_Work instruction_
Since the copy must hold text only, transcribe the data below exactly and omit the images.

_Given data_
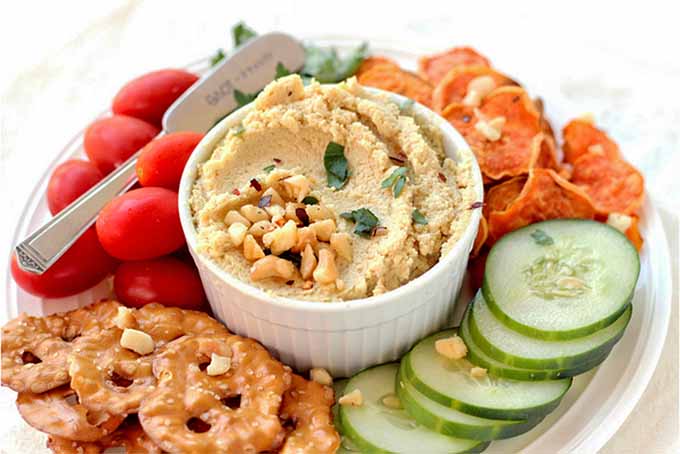 A large ceramic remekin of vegan cheese topped with nuts and herbs, on a platter surrounded by pretzels, chips, sliced cucumber, and grape tomatoes, with a silver serving spreader.
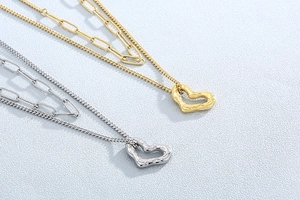 Detail of gold and silver layered necklaces with textured irregular heart pendants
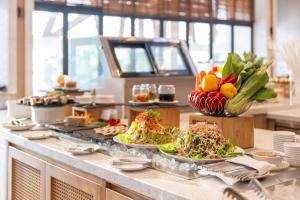 a buffet with plates of food on a table at TTC Van Phong Bay Resort - Himalaya Sauna & Steam Retreat Included in Ninh Hòa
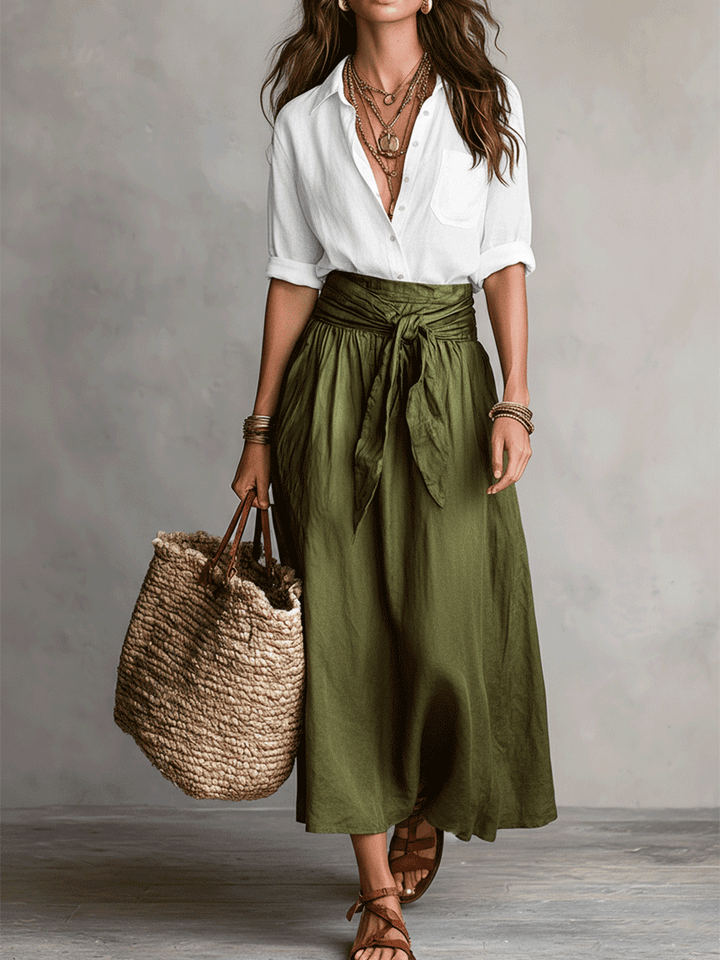 Elegant women's flowing skirt and top co-ord set, versatile and feminine for summer holidays.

_Solution to this problem_
 A large ceramic remekin of vegan cheese topped with nuts and herbs, on a platter surrounded by pretzels, chips, sliced cucumber, and grape tomatoes, with a silver serving spreader.
 Detail of gold and silver layered necklaces with textured irregular heart pendants
 a buffet with plates of food on a table at TTC Van Phong Bay Resort - Himalaya Sauna & Steam Retreat Included in Ninh Hòa
 Elegant women's flowing skirt and top co-ord set, versatile and feminine for summer holidays.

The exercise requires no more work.